Structure: Your code will be responsible for managing the structure of data, querying it etc if you use an array. How will you do that in way which acheives greater "flexibility" than using a DB? All manner of choices and complexity are needed here.
Reliability: You need to ensure the integrity of your persisted data. In the event of some failure your array/file code would need to ensure that data is at least not so corrupt that the application can continue.
Your colleague is correct, BUT there's where you need to put aside the comp sci textbook and be pragmatic. How often will you be accessing this data from your application? If it's fairly frequently then don't incur the costs of access overhead. Instead of reading from a flat file you could still gain the advantages of a db, but use a caching strategy in your application. Depending on your development language you could look at something like memcache or jtreecache.
It depends on what kind of data you are looking at, and whether or not it needs to be updated regularly.
I tend to keep most things (non-config data) in the database, even if the data isn't going to be repeating (e.g. thosands of rows). Databases will scale so much easier than a flat file, if your system starts to grow fast your flat file might become a burden to your system.
If the data doesn't change very oftern, and your programming in Java, why not use Spring to hold the values?
They can be injected into your bean, and changed easly.

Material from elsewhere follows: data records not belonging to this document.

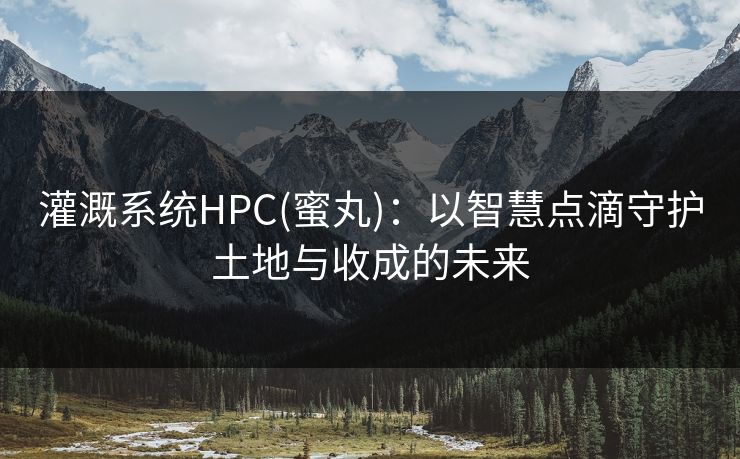 灌溉系统HPC(蜜丸)：以智慧点滴守护土地与收成的未来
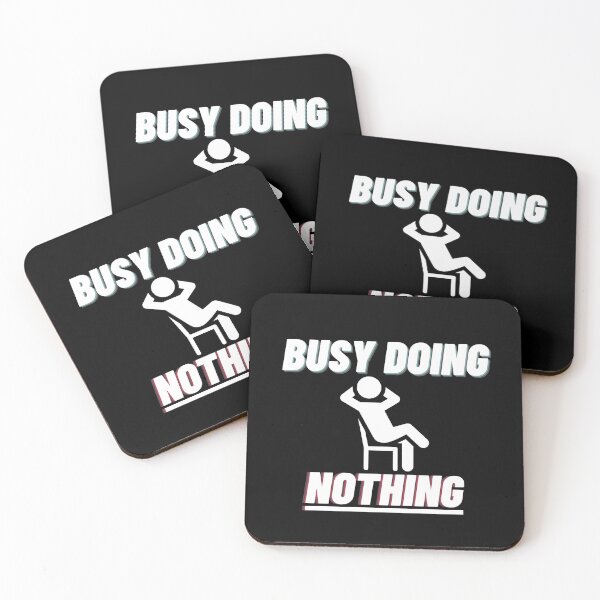Item preview, Busy Doing Nothing designed and sold by StephenMollie.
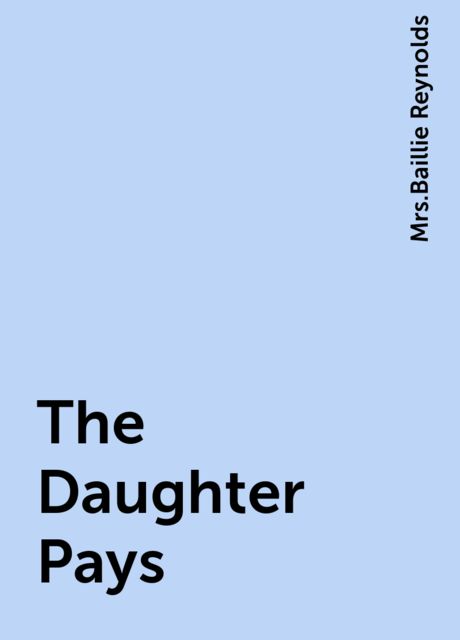 The Daughter Pays, 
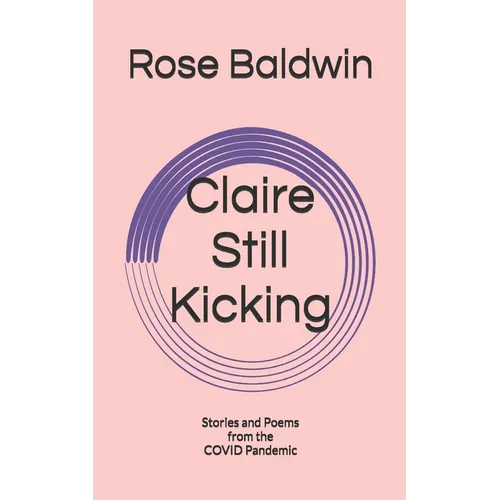 Claire Still Kicking: Stories and Poems from the COVID Pandemic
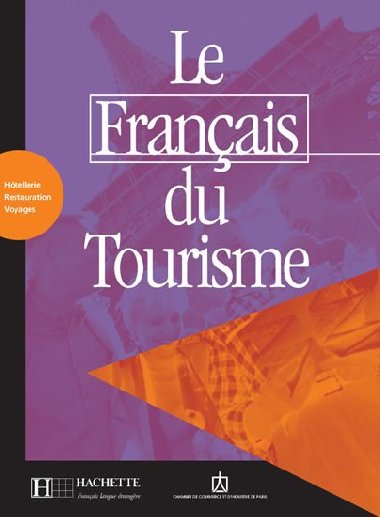 Le Francais du tourisme: Livret dactivits - Calmy Anne-Marie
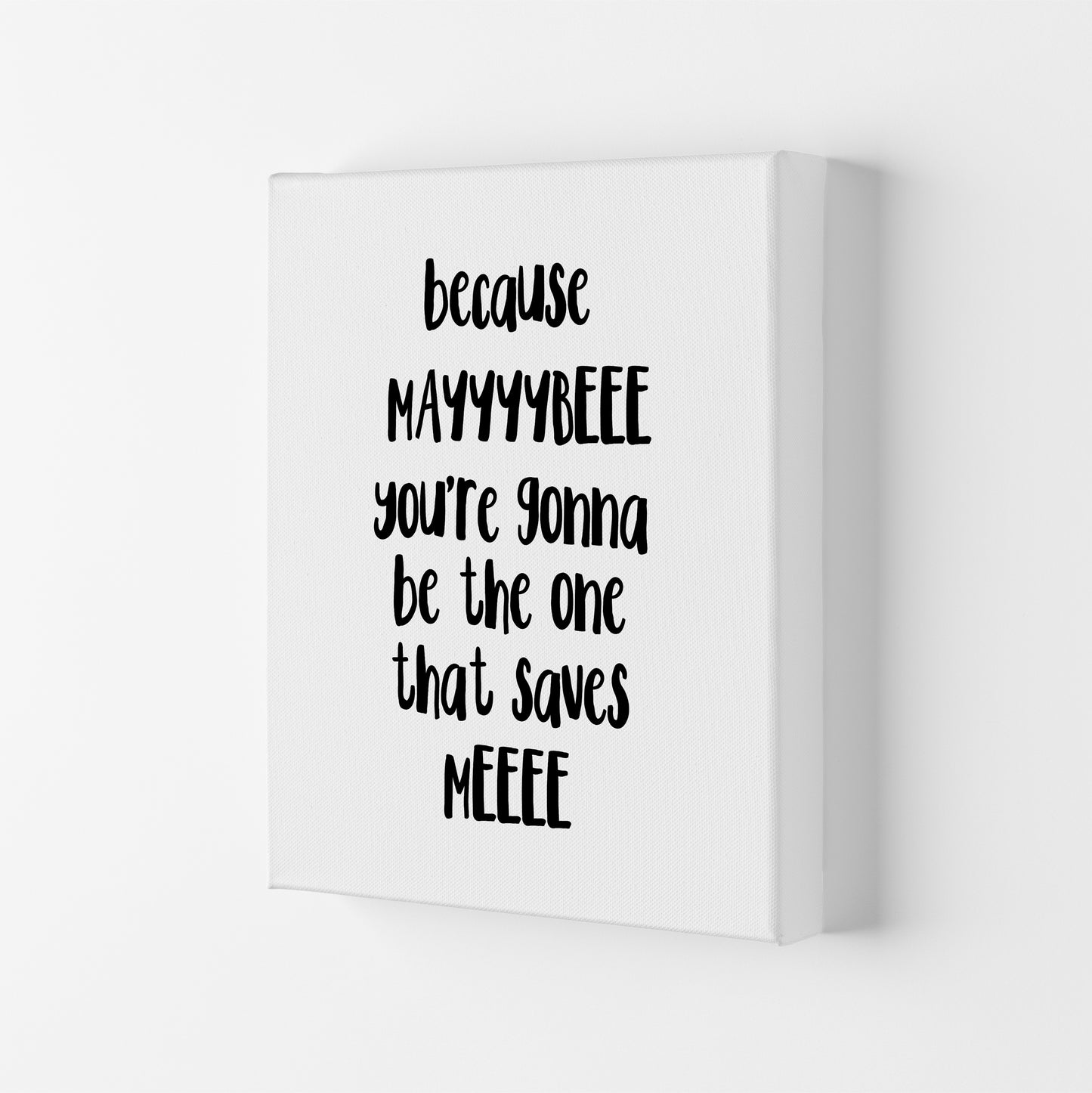 Because Maybe Art Print by Pixy Paper Canvas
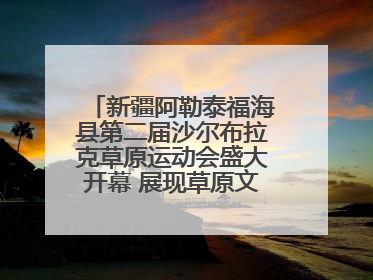 新疆阿勒泰福海县第二届沙尔布拉克草原运动会盛大开幕 展现草原文化魅力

but thats if you'r developing in Java.
Yeah I agree with your implied assessment that databases are overused and basic flat files may work in multitude of scenarios. If your application is read-only (and writes are done by the admin when app restarts) I would definitely go with the file. Even if application writes to the file, but only in append mode (vs random inserts/updates) in one thread, I would also use file. Anything else -- need a real database with random updates, queries, concurrency control etc.